I've been trying to get into a more consistent breathing exercises routine too, but it doesn't come easy to me. The voice I'm following along to is telling me to focus on my inhale and exhale. To be present in the moment. That this moment you're in is all you have. That worrying about the pasts breeds depression, that worrying about the future breeds anxiety. I get all of that. But what if it's present moment that is suffocating me? When it's 1:15 on a Wednesday afternoon and I'm feeling absolutely suffocated by the physical pain I'm in. Where does that leave me?

Every single night when we're getting into bed, Craig asks me "Can I get you anything?" He means it too. My head is usually already "tucked in" with its ice packs so I tell him no, thank you, that I'm okay. But a few nights ago, before he could finish the second half - "Wake me up if you need anything" - my eyes swelled with tears. Oh boy, here we go. They fall hard and fast. There is nothing you or anyone else can get me right now and that's why this is so hard. Imagine falling asleep drenched in pain that is taking your breath away. Hoping with every ounce of your being that something in your body shifts overnight so that tomorrow can start differently, and then crushed when you wake up and realize it hasn't. Day after day after day after day.

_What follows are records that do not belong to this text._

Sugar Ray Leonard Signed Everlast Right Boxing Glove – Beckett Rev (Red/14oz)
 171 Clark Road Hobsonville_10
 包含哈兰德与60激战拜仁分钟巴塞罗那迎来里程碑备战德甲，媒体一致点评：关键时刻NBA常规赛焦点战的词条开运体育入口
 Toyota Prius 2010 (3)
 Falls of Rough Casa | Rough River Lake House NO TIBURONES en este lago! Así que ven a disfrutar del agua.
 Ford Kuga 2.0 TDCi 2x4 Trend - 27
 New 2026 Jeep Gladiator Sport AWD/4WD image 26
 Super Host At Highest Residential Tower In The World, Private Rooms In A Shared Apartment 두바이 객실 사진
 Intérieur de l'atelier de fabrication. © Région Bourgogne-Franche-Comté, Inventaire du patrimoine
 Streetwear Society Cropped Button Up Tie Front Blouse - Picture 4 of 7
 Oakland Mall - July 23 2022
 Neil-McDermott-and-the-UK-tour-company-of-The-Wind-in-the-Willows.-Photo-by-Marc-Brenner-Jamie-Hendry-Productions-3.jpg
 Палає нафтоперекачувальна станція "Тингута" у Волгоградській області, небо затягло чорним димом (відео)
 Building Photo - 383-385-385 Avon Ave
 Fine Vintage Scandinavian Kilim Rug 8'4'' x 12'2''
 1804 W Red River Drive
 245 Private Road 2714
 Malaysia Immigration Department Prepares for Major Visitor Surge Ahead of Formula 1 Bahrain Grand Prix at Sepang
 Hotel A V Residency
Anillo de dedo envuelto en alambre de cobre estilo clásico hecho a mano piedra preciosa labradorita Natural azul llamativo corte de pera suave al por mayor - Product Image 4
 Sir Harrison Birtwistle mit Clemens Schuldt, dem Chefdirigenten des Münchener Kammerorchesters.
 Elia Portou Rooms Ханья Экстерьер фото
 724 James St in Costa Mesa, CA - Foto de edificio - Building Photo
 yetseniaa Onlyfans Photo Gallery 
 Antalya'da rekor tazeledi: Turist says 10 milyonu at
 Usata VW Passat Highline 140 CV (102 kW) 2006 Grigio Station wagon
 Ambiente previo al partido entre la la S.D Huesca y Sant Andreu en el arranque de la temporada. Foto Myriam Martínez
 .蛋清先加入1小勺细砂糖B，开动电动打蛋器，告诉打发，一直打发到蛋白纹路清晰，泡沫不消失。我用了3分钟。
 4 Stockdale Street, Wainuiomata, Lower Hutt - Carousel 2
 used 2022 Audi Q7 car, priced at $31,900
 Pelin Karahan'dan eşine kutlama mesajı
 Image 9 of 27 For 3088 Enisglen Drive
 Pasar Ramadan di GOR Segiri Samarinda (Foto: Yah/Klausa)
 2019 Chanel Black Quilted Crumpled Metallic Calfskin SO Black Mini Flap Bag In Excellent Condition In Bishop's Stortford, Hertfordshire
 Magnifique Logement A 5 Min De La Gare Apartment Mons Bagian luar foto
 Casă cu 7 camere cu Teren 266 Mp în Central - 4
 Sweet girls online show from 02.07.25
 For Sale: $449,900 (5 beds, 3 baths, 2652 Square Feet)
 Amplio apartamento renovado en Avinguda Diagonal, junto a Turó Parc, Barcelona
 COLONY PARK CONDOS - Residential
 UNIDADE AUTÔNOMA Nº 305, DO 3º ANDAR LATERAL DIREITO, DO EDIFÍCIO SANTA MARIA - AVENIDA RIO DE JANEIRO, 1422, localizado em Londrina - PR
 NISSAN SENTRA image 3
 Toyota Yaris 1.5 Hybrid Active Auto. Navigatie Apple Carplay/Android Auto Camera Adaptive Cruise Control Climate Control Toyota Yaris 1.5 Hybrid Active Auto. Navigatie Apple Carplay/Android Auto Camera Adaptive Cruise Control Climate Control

That's a glimpse into this reality that I've always hated sharing because I never want it to detract from my optimism. Not for you, but for me. In the thick of this pain, I know that the voice inside my own head matters, which is why I force myself to keep looking forward. But hope and suffering are not mutually exclusive. On especially hard days, my undeniably empathic two-year old looks at me, tilts her head, and asks with concern in her sweet little voice "Mom, you feelin' good?" She already recognizes the look in my eyes, the strain in my voice, the rubbing of my temples. And holy shit does that break my heart. I imagined one day talking to Ryan about Mommy's head but never in a million years did I think it would be so soon. But I try to appreciate the compassion and resilience it's teaching her as much as I appreciate the love and light she shines on my darkest moments. 






And let's face it, if I'm not feeling good, how am I ever going to keep keep up with this?




Fingers crossed I'll have some good news to report in the coming months.